After five years playing a Japanese Fender Telecaster which had its neck broken twice, I have switched to Gibsons. I find the Gibson Les Paul the most versatile stage instrument, and I can play them very, very hard and they stay in tune. Gibson Montana very kindly built a left handed L1 acoustic model for me for the "John Henry" recordings, and can be heard on "Self Called Nowhere" and on "Sleeping in the Flowers."

  If you could be any kind of animal, what would you be?

I'd be a delicious steak dinner.

  Where was the "Don't Let's Start" video shot?

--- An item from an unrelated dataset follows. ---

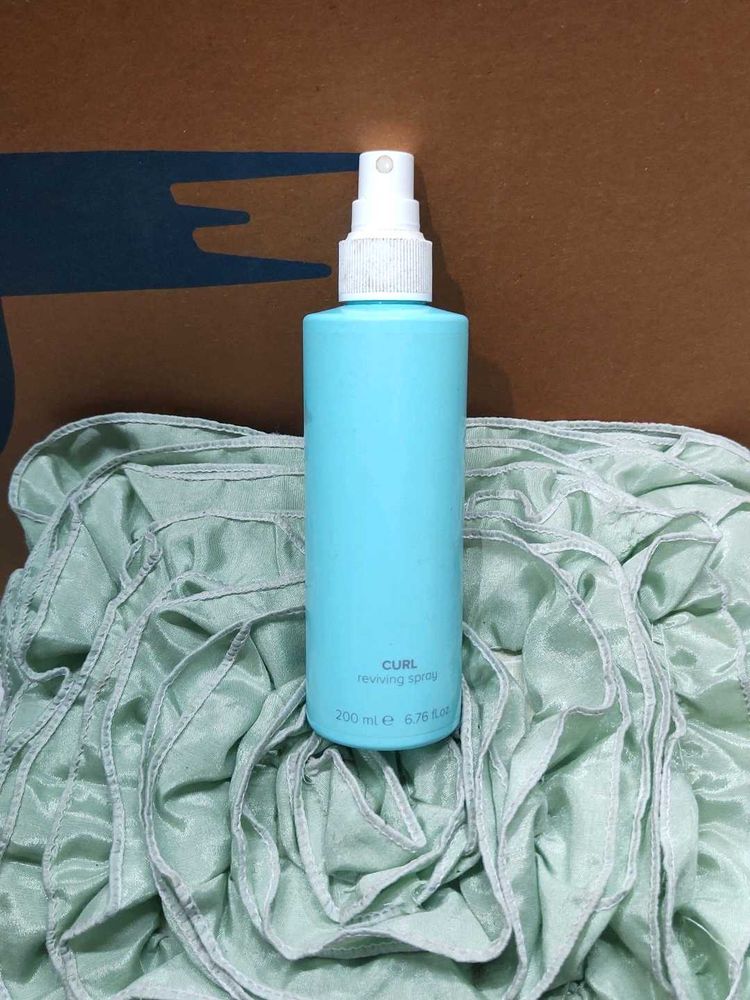 Curl Reviving Spray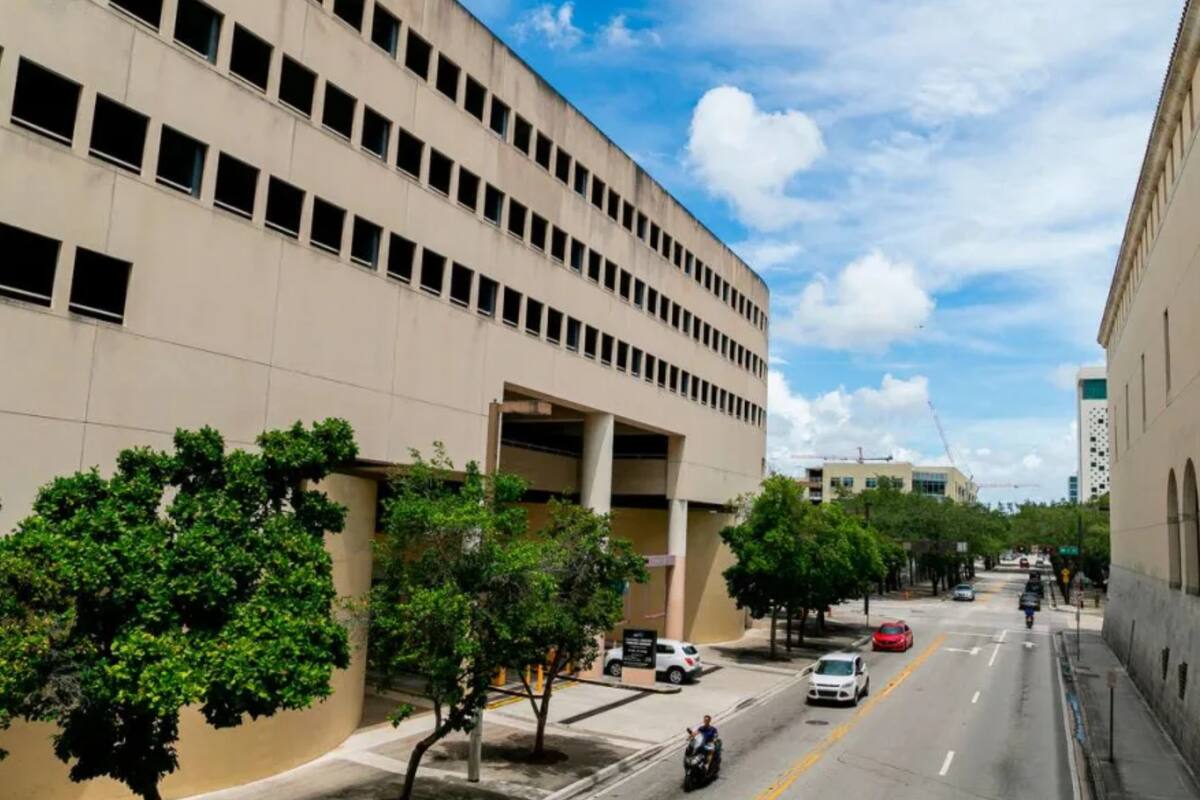 El Miami-Dade Cultural Center parece una fortaleza y algunos quieren demolerlo para facilitar la circulación en el barrio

We shot the outdoor scenes at Flushing Meadows park in Queens, NY, site of the 1964 World's Fair, which both Flansburgh and I attended as children and remember fondly. Several of the pavilions are still there, including the New York State pavilion which has an enormous map of the state (badly chipped up) covering it's floor.

  Are y'all "boyhood friends" or did it start as a music relationship?

We met in high school before either one of us thought of music as a potential career.

  Who are the children in the "John Henry" photographs?

 Half are friends' kids, and the other half are professional model kids we cast for the shoot.

  What are you saying in the background of "I Palindrome I"?

The background vocals are a couple of palindromes: "Man o nam," which doesn't really mean anything, and "Egad, a base tone denotes a bad age," of which you can make what you will.

  Why is the ep "Istanbul (Not Constantinople)" unavailable?

 The CD5 is usually sold just as a vehicle for singles, so it is hard to keep them in print. We hope to compile the Elektra CD5 material soon.

  Have you guys ever been on Saturday Night Live or Letterman or something like that?

We did the old Letterman Show three times, and Conan twice, along with the Tonight Show twice, and a recent slot on the Jon Stewart Show. We've never been on Saturday Night Live, but we have been on Good Morning America which is like Saturday Night Live only it happens in the morning.

 Are there any songs you can't stand to play anymore?

Once in a while we pull a song out of circulation simply because it's become a grind and we're not doing it justice anymore. Usually we can revive such a song after a little vacation and it sounds fresh to us again.

  The drums on some songs on "Flood" are credited to Alan Bezozi. Did he use a drum machine or a drum kit?

He actually did a bit of both. On the song "Hot Cha" Alan and I constructed the drum track by making samples of individual sounds of sticks or brushes on the box my Macintosh computer came in. He then triggers those sounds by playing an electronic drum pad. He played the sequence on "Lucky Ball and Chain," and helped with the programming on "Birdhouse" and "Twisting." He played live snare and percussion on "Particle Man."

  What has Laura Cantrell done besides "The Guitar"? Does she have any albums?

Laura is making a demo of her songs right now, and sings with a trio called the Watchbirds who perform at the Mercury Lounge on a pretty regular basis. She also DJs a very cool program called the "Radio Thrift Shop" on WFMU (New York's free form radio station).